Si le mot « canon » désigne d’abord le contenant, c’est-à-dire la forme même du livre dans les limites et principes d’organisation fixés à l’époque ancienne, la fonction normative reconnue au « Canon » concerne le livre dans sa réalité concrète. À cet égard, la canonicité se caractérise par une réflexivité : les sources se référant à elles-mêmes déterminent l’horizon d’attente des destinataires.
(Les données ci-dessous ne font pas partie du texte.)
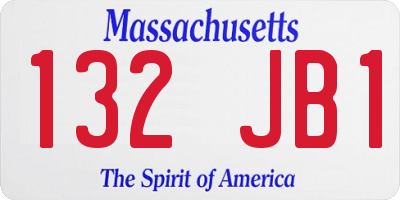 MA license plate 132JB1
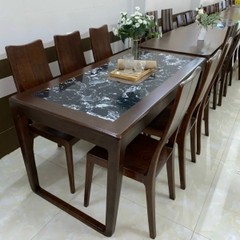 Bàn Ăn 6 Ghế Gỗ Sồi Mặt Đá GS26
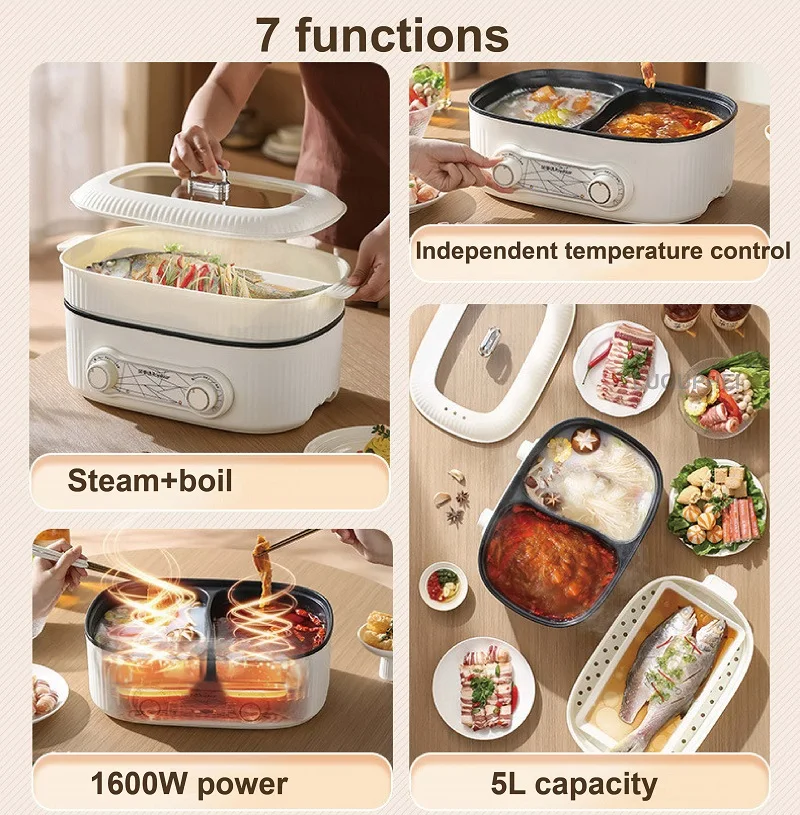 6L Yuanyang وعاء تسخين كهربائي 1600 واط متعدد الوظائف وعاء المنزلية سعة كبيرة وعاء الطبخ الكهربائي غير عصا مقلاة 220 فولت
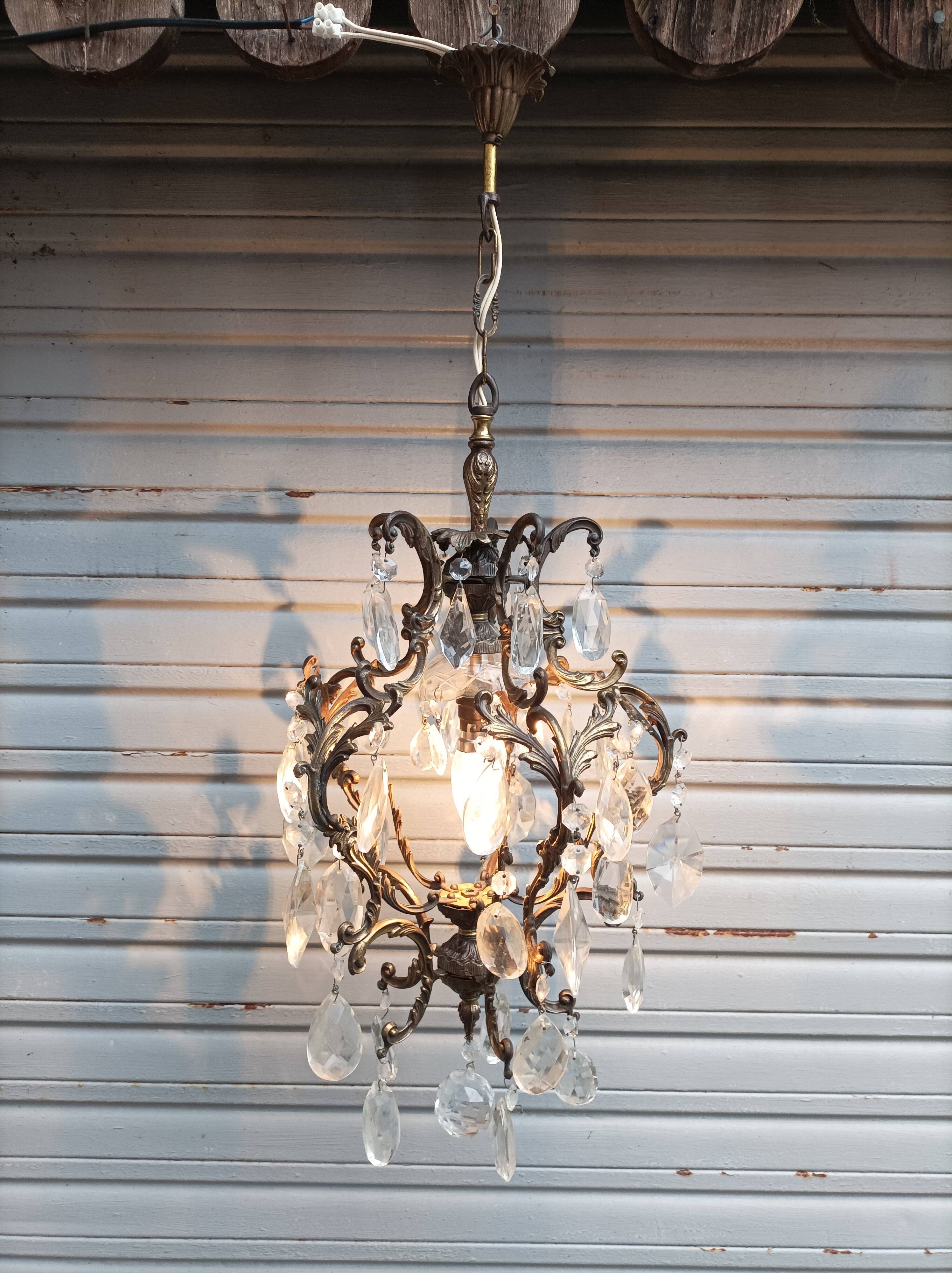 Rare old chandelier / lantern in patinated bronze, Louis XV style / working condition
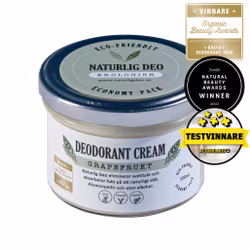 Naturlig Deo- Ekologisk deodorant cream Grapefrukt- 200 ml - Eco-Friendly Economy Pack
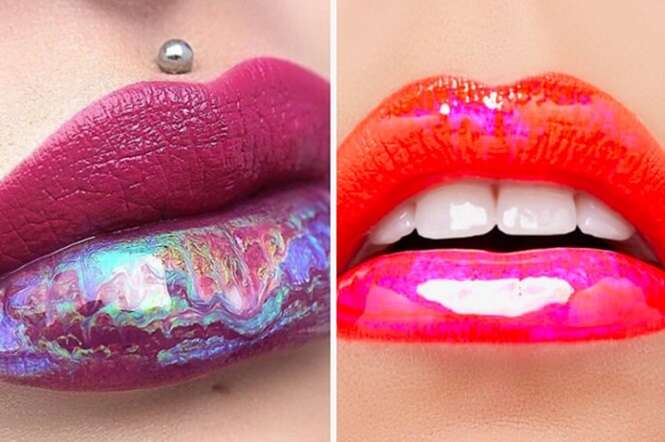 Conheça a nova moda de lábios holográficos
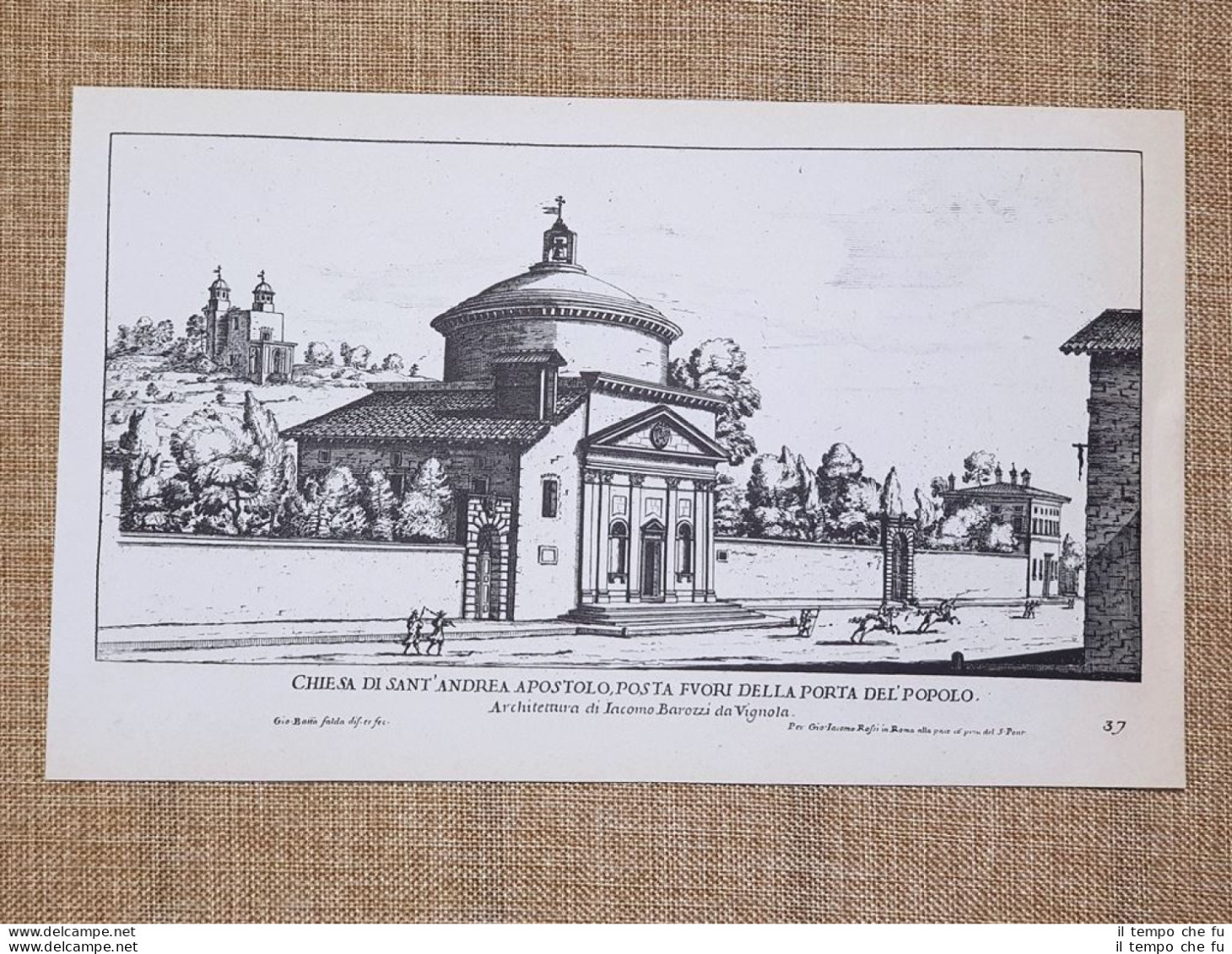 Roma S. Andrea Popolo E Girolamo Ripetta Incisione G. Batt. Falda 1665 Ristampa - Autres & Non Classés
Cette fonction renvoie à la fois à la source et à son effet ainsi qu’au rapport d’une praxis de canonicité. Le Canon biblique peut être donc tenu pour un lieu herméneutique et éthique. L’ensemble des textes bibliques tenus comme livre inspiré et inspirant constitue dès lors la règle de la foi. L’extension du Canon change la foi : le Nouveau Testament n’appartient pas au canon de la Bible juive, et même pour les confessions chrétiennes, la liste des livres du Canon n’est pas entièrement la même. Le Canon biblique présente une extrême diversité littéraire et théologique. Il est constitué par la collation d’une multitude de textes dont l’exégèse historico-critique a classifié les innombrables variantes textuelles et rédactionnelles, les genres littéraires. Il n’est pas facile de reconnaître l’unité inhérente à la fonction normative. À partir de la problématique du « Canon dans le canon », on peut distinguer et articuler à la fois le sens actif du « Canon » (la fonction paradigmatique) et l’acception passive du « canon » (liste établie des textes bibliques constituant le corpus) 326 .

Notes
321.

Jean-Noël ALETTI, Maurice GILBERT, Jean-Louis SKA, Sylvie de VULPILLIERES, Vocabulaire raisonné de l’exégèse biblique. Les mots, les approches, les auteurs, Paris, Cerf, 2005, p.19.

322.

Maurice GILBERT, « Textes exclus, textes inclus : les enjeux », L’autorité de l’Écriture (dir. Jean-Michel POFFET) … p.60-61.

323.

Selon le critère de canonicité comme sacré, le Cantique des cantiques, le Qohelet, l’Esther étaient contestés. Voir Yves-Marie BLANCHARD, « Naissance du Nouveau Testament et Canon biblique », L’autorité de l’Écriture (dir. Jean-Michel POFFET) … p.33-40.

324.

Cf. Paul BEAUCHAMP, D’une montagne à l’autre. La Loi de Dieu, Paris, Seuil, 1999, p.136.

325.

Ibid., p.166-167.

326.

Yves-Marie BLANCHARD, « Naissance du Nouveau Testament et Canon biblique », L’autorité de l’Écritures … p.48.